I am confused about the the notation |ab> for an entangled pair. Isn't this the same as the tensor product |a> $\otimes$ |b>? If so, I run into another confusion when using the corresponding matrices. I read that I should apply a Hadamard operator H twice to the input state |01>. Does this mean (H|0>)$\otimes$ (H|1>)? I don't see how it could mean H(H(|01>), since |01> is represented by a four-by-one matrix, whereas H is represented by a two-by-two matrix. So what does this mean? Thanks

 

[Greg Bernhardt]

@nomadreid did you find any more insight on this topic?

 

[nomadreid]

No, unfortunately.

 

[DrClaude]

I am confused about the the notation |ab> for an entangled pair. Isn't this the same as the tensor product |a> $\otimes$ |b>?

Yes.

If so, I run into another confusion when using the corresponding matrices. I read that I should apply a Hadamard operator H twice to the input state |01>. Does this mean (H|0>)$\otimes$ (H|1>)? I don't see how it could mean H(H(|01>), since |01> is represented by a four-by-one matrix, whereas H is represented by a two-by-two matrix. So what does this mean?

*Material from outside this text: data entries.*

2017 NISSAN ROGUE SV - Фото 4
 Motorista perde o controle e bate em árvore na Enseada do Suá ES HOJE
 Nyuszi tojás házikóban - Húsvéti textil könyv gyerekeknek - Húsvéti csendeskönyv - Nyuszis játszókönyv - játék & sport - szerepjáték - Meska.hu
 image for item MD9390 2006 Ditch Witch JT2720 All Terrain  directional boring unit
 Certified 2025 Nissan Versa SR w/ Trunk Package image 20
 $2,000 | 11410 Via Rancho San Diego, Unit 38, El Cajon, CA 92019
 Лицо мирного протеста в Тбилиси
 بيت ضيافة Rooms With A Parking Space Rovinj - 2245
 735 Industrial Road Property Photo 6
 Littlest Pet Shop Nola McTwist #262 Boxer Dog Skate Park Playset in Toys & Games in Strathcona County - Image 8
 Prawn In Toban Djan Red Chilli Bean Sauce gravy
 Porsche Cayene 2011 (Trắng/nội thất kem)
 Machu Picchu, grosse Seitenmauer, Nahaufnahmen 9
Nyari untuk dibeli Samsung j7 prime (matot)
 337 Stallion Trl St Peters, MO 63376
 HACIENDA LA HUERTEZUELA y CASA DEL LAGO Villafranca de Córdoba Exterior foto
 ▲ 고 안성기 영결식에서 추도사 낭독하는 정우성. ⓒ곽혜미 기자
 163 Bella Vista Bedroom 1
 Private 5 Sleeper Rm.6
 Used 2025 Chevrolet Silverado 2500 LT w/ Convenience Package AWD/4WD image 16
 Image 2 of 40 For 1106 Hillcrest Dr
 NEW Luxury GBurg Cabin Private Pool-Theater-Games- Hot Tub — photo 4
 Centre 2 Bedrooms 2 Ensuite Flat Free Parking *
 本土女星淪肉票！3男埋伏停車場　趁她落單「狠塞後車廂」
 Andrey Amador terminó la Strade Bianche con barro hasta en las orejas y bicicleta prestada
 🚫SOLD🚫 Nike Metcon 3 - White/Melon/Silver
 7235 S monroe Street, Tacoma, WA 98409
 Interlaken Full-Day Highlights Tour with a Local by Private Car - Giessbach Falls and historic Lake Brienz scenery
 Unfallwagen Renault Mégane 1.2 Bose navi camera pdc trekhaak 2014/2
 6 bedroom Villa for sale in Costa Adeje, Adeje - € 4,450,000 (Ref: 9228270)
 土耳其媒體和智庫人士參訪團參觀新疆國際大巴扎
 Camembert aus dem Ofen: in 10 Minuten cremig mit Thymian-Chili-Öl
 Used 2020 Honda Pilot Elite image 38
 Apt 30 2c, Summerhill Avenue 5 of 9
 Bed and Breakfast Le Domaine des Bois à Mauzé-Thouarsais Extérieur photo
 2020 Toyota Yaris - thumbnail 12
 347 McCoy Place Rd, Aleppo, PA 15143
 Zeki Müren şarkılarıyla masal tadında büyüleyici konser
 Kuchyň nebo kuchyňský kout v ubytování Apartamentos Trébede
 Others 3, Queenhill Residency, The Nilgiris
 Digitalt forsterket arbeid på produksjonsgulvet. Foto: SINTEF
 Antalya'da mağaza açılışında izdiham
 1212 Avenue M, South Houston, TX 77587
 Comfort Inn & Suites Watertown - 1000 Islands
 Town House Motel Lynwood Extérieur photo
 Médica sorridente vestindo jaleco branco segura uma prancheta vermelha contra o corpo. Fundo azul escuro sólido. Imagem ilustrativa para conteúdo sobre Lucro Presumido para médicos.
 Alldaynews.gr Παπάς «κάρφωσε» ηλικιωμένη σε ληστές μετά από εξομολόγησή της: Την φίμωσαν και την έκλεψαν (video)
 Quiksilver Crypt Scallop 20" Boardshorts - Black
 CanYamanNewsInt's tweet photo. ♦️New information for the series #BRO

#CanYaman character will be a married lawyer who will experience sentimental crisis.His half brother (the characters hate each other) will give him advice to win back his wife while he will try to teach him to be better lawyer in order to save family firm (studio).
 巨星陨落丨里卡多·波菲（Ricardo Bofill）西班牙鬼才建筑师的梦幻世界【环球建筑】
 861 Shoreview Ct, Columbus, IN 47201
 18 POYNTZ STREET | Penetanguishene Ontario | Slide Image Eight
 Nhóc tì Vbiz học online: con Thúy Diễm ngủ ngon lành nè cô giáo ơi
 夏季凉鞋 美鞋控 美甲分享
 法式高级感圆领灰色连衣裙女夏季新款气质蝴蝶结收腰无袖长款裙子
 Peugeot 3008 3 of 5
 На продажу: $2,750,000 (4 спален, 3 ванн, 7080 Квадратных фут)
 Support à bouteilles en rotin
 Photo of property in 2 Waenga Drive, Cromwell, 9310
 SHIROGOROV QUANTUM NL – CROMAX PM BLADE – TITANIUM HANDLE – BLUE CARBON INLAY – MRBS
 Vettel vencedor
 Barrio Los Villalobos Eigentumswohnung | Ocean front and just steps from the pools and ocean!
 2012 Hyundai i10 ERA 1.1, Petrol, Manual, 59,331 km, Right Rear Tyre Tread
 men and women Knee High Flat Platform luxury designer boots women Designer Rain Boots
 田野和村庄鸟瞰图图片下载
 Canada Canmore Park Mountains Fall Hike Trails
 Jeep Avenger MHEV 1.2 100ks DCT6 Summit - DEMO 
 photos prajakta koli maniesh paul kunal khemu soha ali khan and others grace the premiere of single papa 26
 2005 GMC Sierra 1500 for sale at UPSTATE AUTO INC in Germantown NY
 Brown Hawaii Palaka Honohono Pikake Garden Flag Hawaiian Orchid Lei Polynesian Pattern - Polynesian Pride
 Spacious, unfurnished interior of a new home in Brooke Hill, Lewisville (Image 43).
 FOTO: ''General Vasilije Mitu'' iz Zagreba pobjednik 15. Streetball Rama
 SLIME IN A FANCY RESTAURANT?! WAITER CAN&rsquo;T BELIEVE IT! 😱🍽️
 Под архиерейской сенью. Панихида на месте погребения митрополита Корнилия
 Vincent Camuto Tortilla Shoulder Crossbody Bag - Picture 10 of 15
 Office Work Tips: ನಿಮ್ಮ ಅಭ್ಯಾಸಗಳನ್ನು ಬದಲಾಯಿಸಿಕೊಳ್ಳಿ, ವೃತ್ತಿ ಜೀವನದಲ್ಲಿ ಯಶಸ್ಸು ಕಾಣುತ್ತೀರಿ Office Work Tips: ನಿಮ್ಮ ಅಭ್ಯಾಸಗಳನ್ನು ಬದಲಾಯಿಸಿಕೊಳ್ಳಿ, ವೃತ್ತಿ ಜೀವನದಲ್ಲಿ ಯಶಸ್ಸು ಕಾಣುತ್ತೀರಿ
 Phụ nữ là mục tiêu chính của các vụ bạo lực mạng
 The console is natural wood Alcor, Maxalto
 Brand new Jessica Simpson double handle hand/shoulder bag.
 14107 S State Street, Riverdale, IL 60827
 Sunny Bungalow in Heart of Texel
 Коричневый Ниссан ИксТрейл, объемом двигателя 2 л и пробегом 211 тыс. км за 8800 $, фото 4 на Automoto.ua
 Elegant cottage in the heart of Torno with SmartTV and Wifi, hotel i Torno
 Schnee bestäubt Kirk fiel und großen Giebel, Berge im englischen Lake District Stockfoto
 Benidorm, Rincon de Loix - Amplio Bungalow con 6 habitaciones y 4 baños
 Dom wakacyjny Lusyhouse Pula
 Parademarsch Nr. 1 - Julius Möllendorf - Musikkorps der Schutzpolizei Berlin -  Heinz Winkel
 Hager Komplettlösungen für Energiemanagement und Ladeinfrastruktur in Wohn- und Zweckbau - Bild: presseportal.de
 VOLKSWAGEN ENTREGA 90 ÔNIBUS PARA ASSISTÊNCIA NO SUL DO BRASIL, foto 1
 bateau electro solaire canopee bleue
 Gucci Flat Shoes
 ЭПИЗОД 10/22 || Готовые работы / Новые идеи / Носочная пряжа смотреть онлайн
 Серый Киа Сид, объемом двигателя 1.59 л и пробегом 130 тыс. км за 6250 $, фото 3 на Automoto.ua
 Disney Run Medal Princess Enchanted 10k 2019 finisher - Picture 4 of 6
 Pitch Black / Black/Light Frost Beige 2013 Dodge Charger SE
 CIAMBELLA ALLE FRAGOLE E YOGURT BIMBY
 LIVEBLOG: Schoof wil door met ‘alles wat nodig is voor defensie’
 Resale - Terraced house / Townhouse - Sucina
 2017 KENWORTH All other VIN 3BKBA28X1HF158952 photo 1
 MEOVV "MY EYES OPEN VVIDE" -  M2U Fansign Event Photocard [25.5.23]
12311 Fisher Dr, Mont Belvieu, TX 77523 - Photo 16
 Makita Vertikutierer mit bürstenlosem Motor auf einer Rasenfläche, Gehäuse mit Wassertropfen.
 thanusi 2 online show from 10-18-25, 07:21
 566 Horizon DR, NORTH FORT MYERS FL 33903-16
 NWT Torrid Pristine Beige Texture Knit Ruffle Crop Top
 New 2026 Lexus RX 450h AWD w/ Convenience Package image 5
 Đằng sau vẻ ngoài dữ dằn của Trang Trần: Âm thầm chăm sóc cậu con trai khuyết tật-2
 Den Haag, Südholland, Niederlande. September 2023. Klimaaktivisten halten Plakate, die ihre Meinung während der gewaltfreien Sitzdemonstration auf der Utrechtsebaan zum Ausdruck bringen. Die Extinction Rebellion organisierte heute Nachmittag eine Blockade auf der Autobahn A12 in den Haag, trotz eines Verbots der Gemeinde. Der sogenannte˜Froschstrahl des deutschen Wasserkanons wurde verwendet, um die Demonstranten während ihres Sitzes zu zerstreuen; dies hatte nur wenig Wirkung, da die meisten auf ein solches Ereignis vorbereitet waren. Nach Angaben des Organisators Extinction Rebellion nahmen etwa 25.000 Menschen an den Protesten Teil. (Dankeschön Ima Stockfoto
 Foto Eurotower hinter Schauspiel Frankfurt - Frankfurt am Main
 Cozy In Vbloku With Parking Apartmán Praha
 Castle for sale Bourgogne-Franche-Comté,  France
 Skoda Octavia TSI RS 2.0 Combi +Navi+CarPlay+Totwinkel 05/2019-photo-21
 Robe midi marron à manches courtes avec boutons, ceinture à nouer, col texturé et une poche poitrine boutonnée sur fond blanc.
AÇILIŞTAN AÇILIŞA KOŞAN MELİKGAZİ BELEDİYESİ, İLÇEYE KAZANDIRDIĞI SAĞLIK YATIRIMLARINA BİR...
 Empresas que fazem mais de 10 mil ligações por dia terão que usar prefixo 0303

The statement is ambiguous. The use of the word "twice" mean for me that the same thing has to be done two times. If you were to apply a Hadamard transformation to both qubits, the language would be different, I think. However, what is not said is which qubit the Hadamard transformation must be applied to.

To apply the transformation to a single qubit in a two-qubit system, one must use $H_1 \otimes 1_2$ where the subscript refer to which qubit is operated on. In matrix form, this is a 4x4 matrix.

That said, the Hadamard matrix is symmetric and unitary. What happens when it is applied twice in row?